START Available data

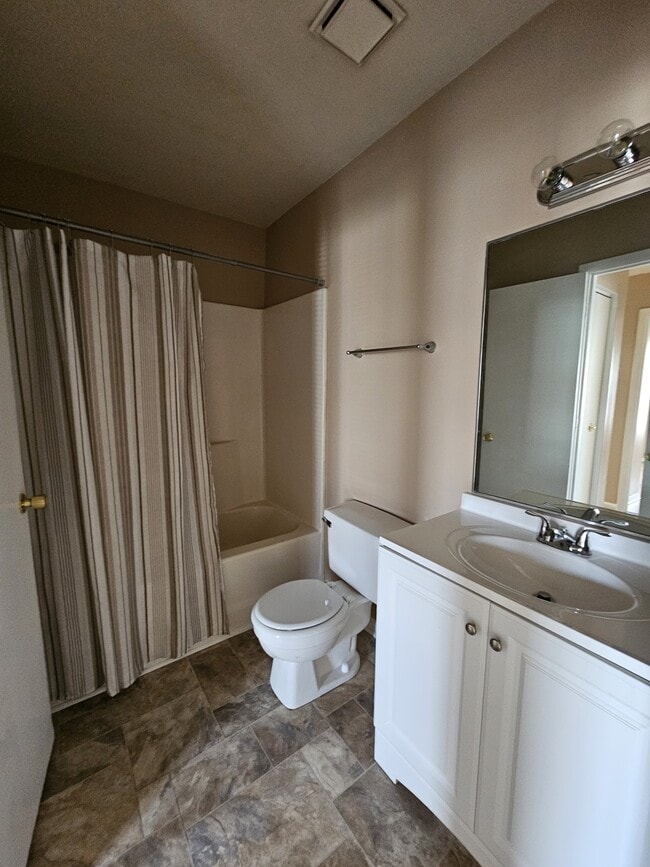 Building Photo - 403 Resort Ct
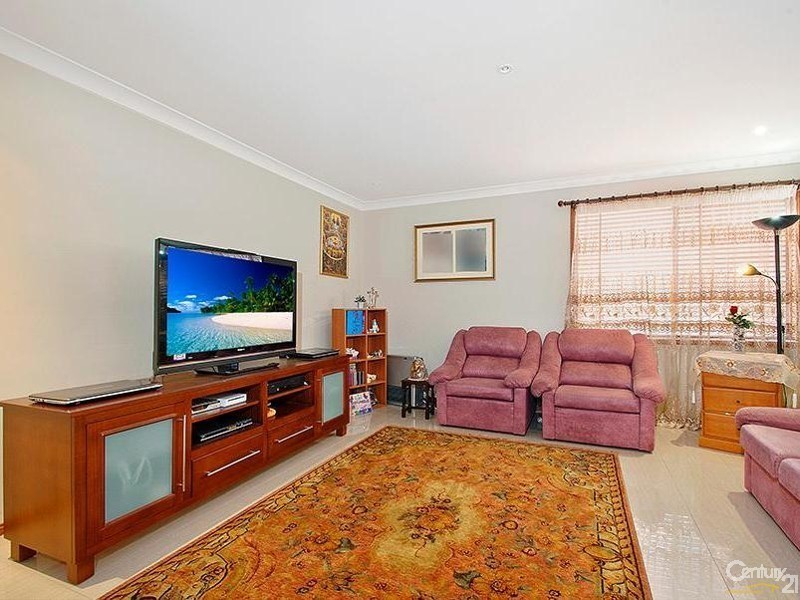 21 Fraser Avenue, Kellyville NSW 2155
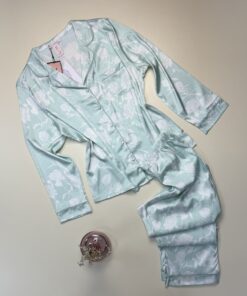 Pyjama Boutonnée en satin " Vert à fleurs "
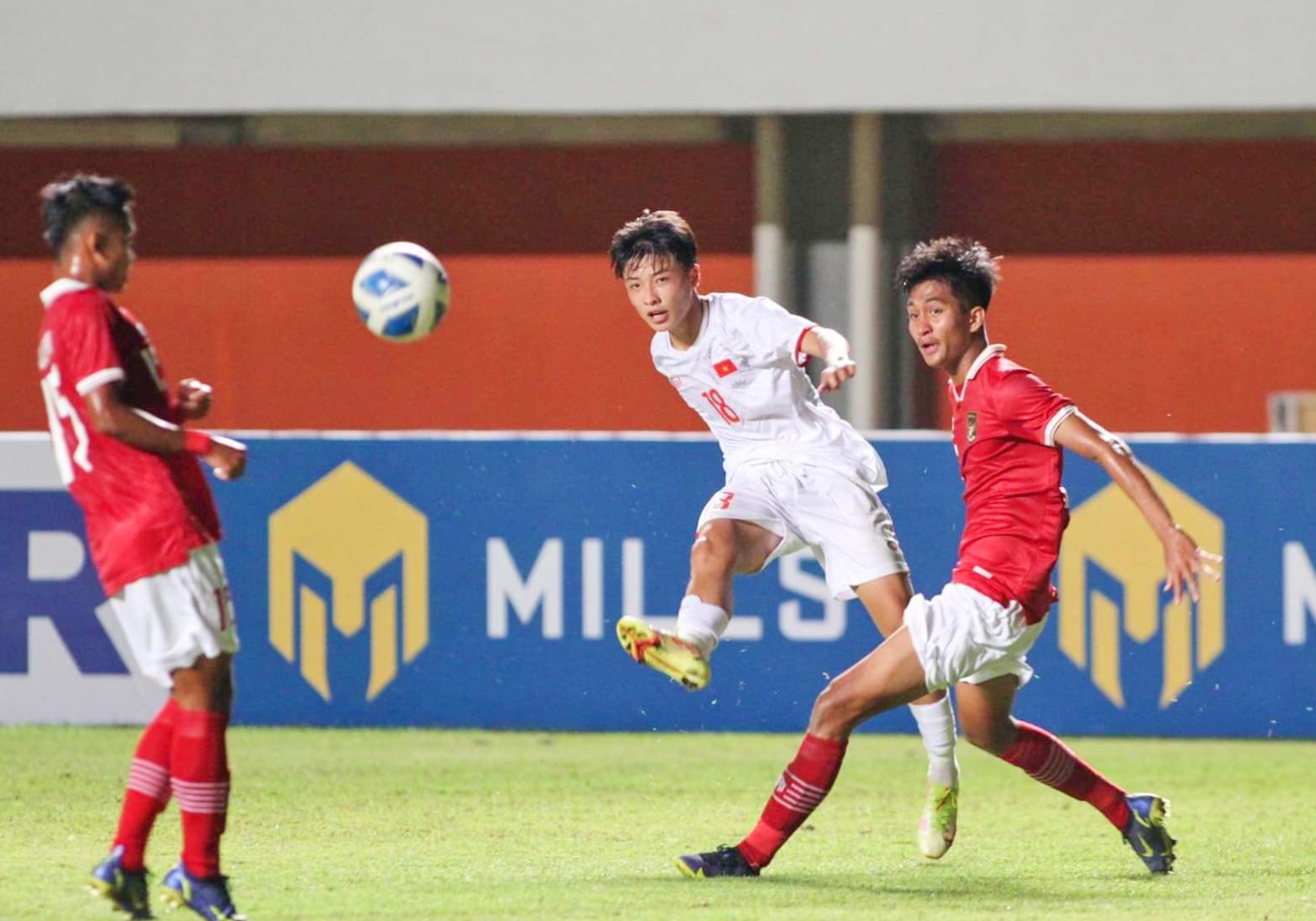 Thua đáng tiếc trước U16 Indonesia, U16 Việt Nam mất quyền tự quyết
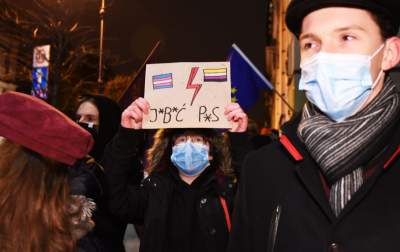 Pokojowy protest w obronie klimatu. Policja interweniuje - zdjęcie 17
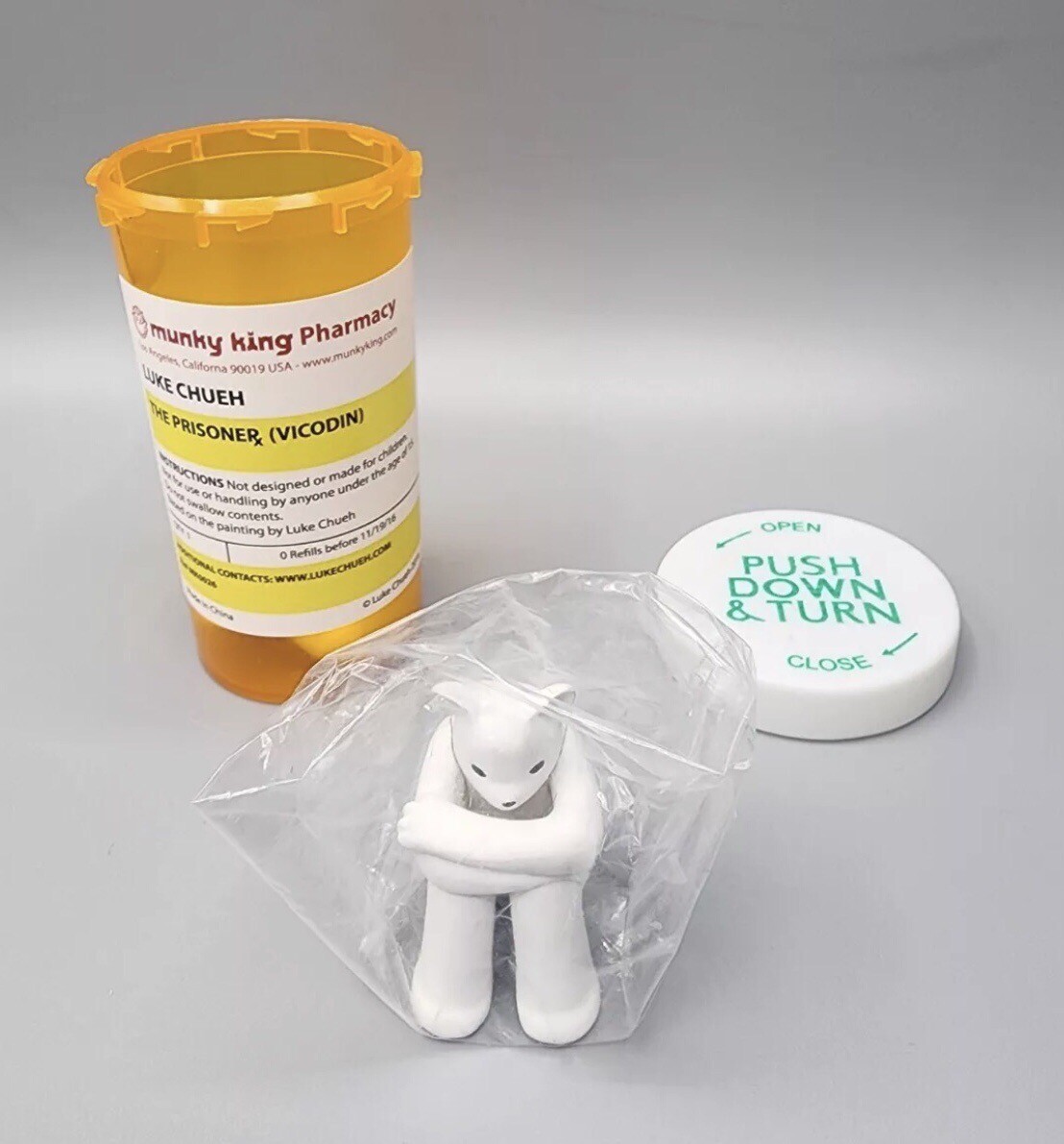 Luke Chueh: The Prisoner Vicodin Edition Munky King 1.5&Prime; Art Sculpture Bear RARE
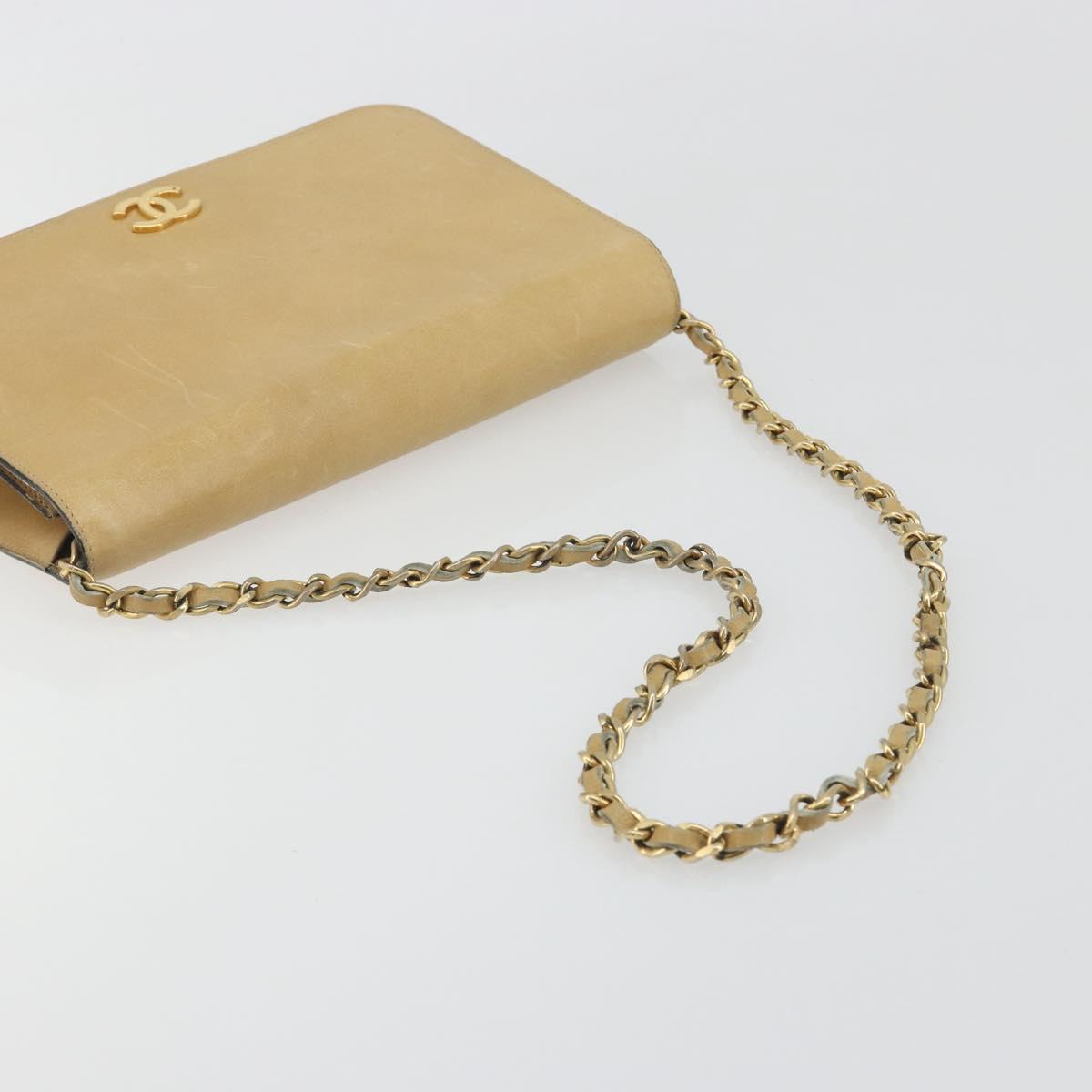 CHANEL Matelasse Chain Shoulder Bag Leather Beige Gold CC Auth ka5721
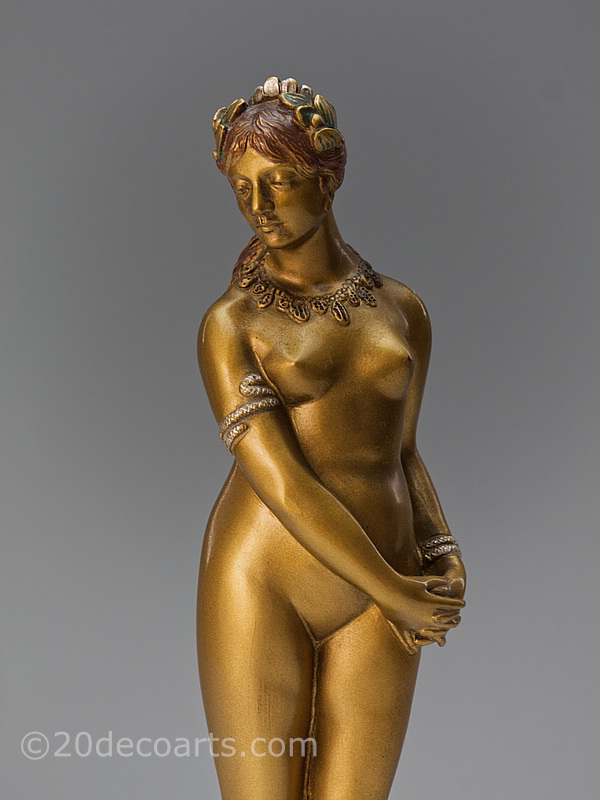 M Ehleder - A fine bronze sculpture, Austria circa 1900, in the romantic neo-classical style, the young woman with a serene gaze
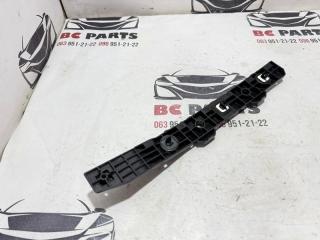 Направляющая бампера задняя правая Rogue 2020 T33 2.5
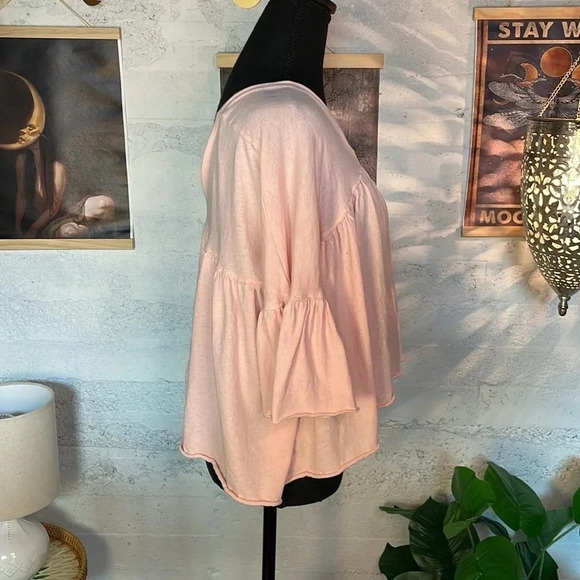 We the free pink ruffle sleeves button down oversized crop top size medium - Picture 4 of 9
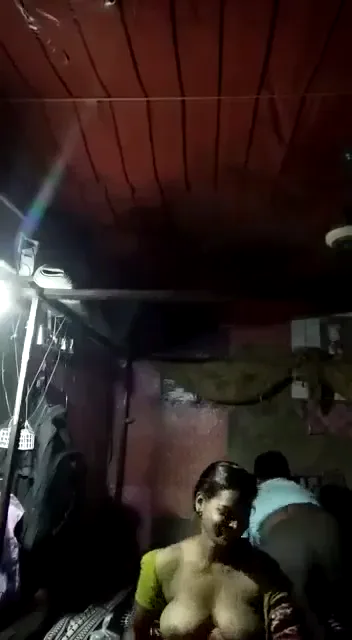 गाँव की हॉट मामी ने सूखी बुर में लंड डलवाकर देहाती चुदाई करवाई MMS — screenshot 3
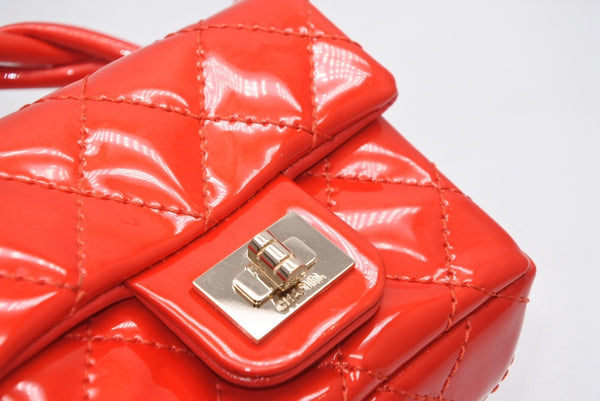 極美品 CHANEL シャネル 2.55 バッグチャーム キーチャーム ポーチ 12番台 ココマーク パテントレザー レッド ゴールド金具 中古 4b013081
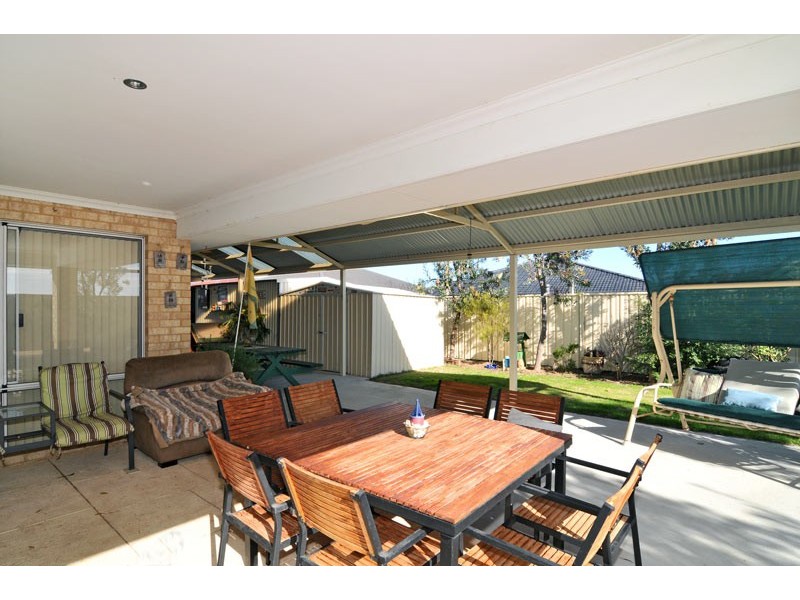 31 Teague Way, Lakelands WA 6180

END Available data

Activity:
Reproduce the data exactly, please, and omit its pictures.

Response to this task:
 Building Photo - 403 Resort Ct
 21 Fraser Avenue, Kellyville NSW 2155
 Pyjama Boutonnée en satin " Vert à fleurs "
 Thua đáng tiếc trước U16 Indonesia, U16 Việt Nam mất quyền tự quyết
 Pokojowy protest w obronie klimatu. Policja interweniuje - zdjęcie 17
 Luke Chueh: The Prisoner Vicodin Edition Munky King 1.5&Prime; Art Sculpture Bear RARE
 CHANEL Matelasse Chain Shoulder Bag Leather Beige Gold CC Auth ka5721
 M Ehleder - A fine bronze sculpture, Austria circa 1900, in the romantic neo-classical style, the young woman with a serene gaze
 Направляющая бампера задняя правая Rogue 2020 T33 2.5
 We the free pink ruffle sleeves button down oversized crop top size medium - Picture 4 of 9
 गाँव की हॉट मामी ने सूखी बुर में लंड डलवाकर देहाती चुदाई करवाई MMS — screenshot 3
 極美品 CHANEL シャネル 2.55 バッグチャーム キーチャーム ポーチ 12番台 ココマーク パテントレザー レッド ゴールド金具 中古 4b013081
 31 Teague Way, Lakelands WA 6180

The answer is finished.